Corporate officers are not outsiders intermeddling maliciously in the business affairs of the corporation. They are privileged to act on behalf of their corporations, using their business judgment and discretion. . . . However, when the action is detrimental to the corporation and outside the scope of corporate authority, immunity ceases to exist.
Supervisors and co-workers are also protected by this corporate privilege.
See Naeemullah v. Citicorp. Services, Inc., 78 F. Supp.2d 783, 793 (N.D.Ill. 1999); Mustafa, 1997 WL 194980, at* 5.
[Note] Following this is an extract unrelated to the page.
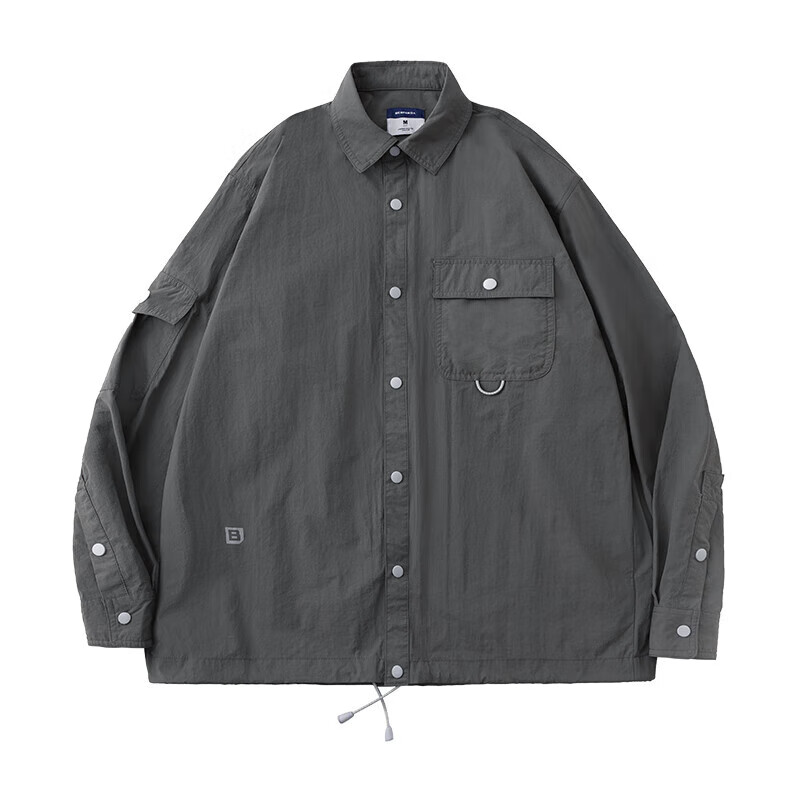 ben.panda熊猫本衬衫男多口袋情侣上衣 深灰色 l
  There is no evidence that defendants in the instant case acted in a manner that was detrimental to the Village Police Department, or otherwise acted outside the scope of their corporate authority. Accordingly, the court grants defendants' motion for summary judgment on Count V. Page 18

 5. Counts VI and VII: Interference with Prospective Business Advantage and Defamation

  Plaintiff bases Counts VI and VII of the first amended complaint on the allegation that Chief Kath discouraged the Village of Carol Stream from hiring plaintiff. As defendants point out, however, plaintiff acknowledged in his deposition that he had no actual knowledge of any conversations between Chief Kath and the Village of Carol Stream, or any other contacts between the Village of Carol Stream and any other official of the Village. Plaintiff does not refute or otherwise respond to defendants' argument, apparently conceding that no triable issue of fact exists with respect to Counts VI and VII. The court thus grants defendants' motion for summary judgment on these counts.

  CONCLUSION

  For the reasons stated herein, defendants' motion for summary judgment is granted in its entirety.